We use cookies. Read the Privacy and Cookie Policy

11. Эмерсон — Уитмен

Освальдо Феррари: У вас, Борхес, свое собственное понимание Эмерсона[86]; вы говорите, что Уитмен и Эдгар По отодвинули Эмерсона в тень, заслонили сделанное им.

Хорхе Луис Борхес: При жизни по сравнению с Эмерсоном и Уитмен, и Эдгар По были почти неизвестны; для Уитмена Эмерсон сделал чрезвычайно много. Уитмен послал ему первый экземпляр… нет, не так, экземпляр первого издания книги «Leaves of grass» («Листья травы») — она вышла в 1855 году, в том году, когда Лонгфелло опубликовал свою американскую поэму «Гайавата», ныне забытую, включенную в школьные программы — что одно и то же. В общем, в 1855 году увидела свет «Гайавата», североамериканская разновидность поэмы «Табаре»[87], только в ней говорится не о белых, а об индейцах; для своей поэмы

Лонгфелло выбрал размер «Калевалы», финского эпоса, размер, можно сказать, усыпляющий; в том же году было напечатано и первое издание «Leaves of grass». Эмерсон, в определенной степени, предсказал появление Уитмена — в одной статье, опубликованной в «The American scholar»[88], он написал, что поэт Америки обязан включить в свое творчество все, не только все доброе, но и все злое: ложь, преступления, ненависть, зависть; все, что существует в мире. Но, разумеется, одно дело — предсказать поэта, а другое — быть поэтом.

Без сомнения.

Да, это — совершенно разные вещи. Получив книгу, Эмерсон написал Уитмену письмо, поистине доброжелательное, чрезвычайно доброжелательное; он писал, что верит: его книга — самая талантливая, самая мудрая из всех, что когда-либо появлялись в Америке. Он писал, что редко бывает в Нью-Йорке, но что при первой же возможности, оказавшись в Нью-Йорке, будет рад пожать руку творцу, который написал эту книгу и которого зовут Уитмен. Если не ошибаюсь, Уитмен был корреспондентом газеты «Brooklyn Eagle»[89], в общем, фигурой весьма незначительной, но именно он написал эту великую книгу. Так вот Уитмен взял да и опубликовал письмо Эмерсона — и тем самым нанес ему оскорбление. Он сделал то, что не должен был делать, ведь письмо Эмерсона было частным. А кроме того, Уитмен воспроизвел это письмо в третьем издании своей книги, а рядом напечатал ныне столь знаменитые эротические стихи; не так ли?

Да…

И естественно, получилось, что Эмерсон являлся вдохновителем этих стихов, которые шокировали

тогдашних читателей. Сейчас-то их можно печатать где угодно, и никакого скандала они не вызовут.

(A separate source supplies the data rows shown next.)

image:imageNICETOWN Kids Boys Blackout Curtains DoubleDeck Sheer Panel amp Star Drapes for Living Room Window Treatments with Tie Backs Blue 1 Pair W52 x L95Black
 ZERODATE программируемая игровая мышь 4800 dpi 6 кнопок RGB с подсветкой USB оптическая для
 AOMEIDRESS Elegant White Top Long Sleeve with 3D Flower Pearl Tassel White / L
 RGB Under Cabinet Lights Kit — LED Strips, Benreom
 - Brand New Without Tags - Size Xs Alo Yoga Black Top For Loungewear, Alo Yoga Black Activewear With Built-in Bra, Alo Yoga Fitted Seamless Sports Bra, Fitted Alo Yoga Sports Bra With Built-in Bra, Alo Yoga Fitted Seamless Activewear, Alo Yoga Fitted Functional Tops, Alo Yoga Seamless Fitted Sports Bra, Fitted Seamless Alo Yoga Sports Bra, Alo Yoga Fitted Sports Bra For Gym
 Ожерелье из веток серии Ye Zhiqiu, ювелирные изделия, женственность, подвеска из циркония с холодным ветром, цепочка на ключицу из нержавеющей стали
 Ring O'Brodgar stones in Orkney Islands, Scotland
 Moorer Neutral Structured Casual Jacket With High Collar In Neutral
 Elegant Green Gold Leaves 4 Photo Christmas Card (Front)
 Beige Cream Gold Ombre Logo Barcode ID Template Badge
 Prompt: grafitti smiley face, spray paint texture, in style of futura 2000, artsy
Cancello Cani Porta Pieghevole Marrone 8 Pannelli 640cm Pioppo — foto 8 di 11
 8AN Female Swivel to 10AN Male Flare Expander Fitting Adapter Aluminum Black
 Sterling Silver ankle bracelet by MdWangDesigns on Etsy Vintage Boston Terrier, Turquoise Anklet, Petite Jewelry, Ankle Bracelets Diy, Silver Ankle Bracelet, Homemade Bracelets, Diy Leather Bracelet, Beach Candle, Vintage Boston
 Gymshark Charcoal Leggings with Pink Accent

В общем, Эмерсон, как вы его представляете, был истинным джентльменом.

Да, но только я не знаю… не помню, хотя и читал биографии Уитмена, высказал ли Эмерсон ему хоть какой-либо упрек; но он отдалился от поэта. А Уитмен продолжал печатать свои стихи; кажется, каждый год появлялось новое издание книги, каждый раз — дополненное. И это согласуется с общим мнением и рассуждениями, которые приведены в предисловии к сборнику, о том, что для Уитмена эти стихи, столь разнообразные по манере и темам, являлись единой поэмой, эпопеей, эпической поэмой Америки. Поистине этот наш герой, Уолт Уитмен, был триедин; человек Уитмен, мифический Уитмен, сотворенный воображением автора; мы знаем., что Уитмен родился на Лонг-Айленде, а в книге он пишет, что родился в Техасе, затем объездил всю страну — чего на самом деле не было, — работал шахтером в Калифорнии, в Небраске; и все это было только в воображении Уитмена. И наконец, третья ипостась Уитмена — это читатель, он тоже вторгается в книгу, поскольку поэт неоднократно обращается к нему. Или делает так, словно читатель задает ему вопросы и он на них отвечает. В общем, замысел чрезвычайно странный. И все это к тому же соответствует демократическим идеям; в одном относительно малоизвестном стихотворении Уитмен описывает картины, на которых изображены святые со златыми нимбами, и говорит, что желал бы, чтобы персонажи его книги тоже были с нимбами, так как эта книга принадлежит не одному человеку, а всем. американцам, и не только нынешним американцам, но и грядущим, которых поэт тоже воспел. Иначе говоря, герой Уолта Уитмена — это герой, имя которому — легион; читатель является персонажем его книги, возможно, он явится и много лет спустя после Уитмена. Да и мы с вами сейчас, в известной степени, — порождение Уолта Уитмена.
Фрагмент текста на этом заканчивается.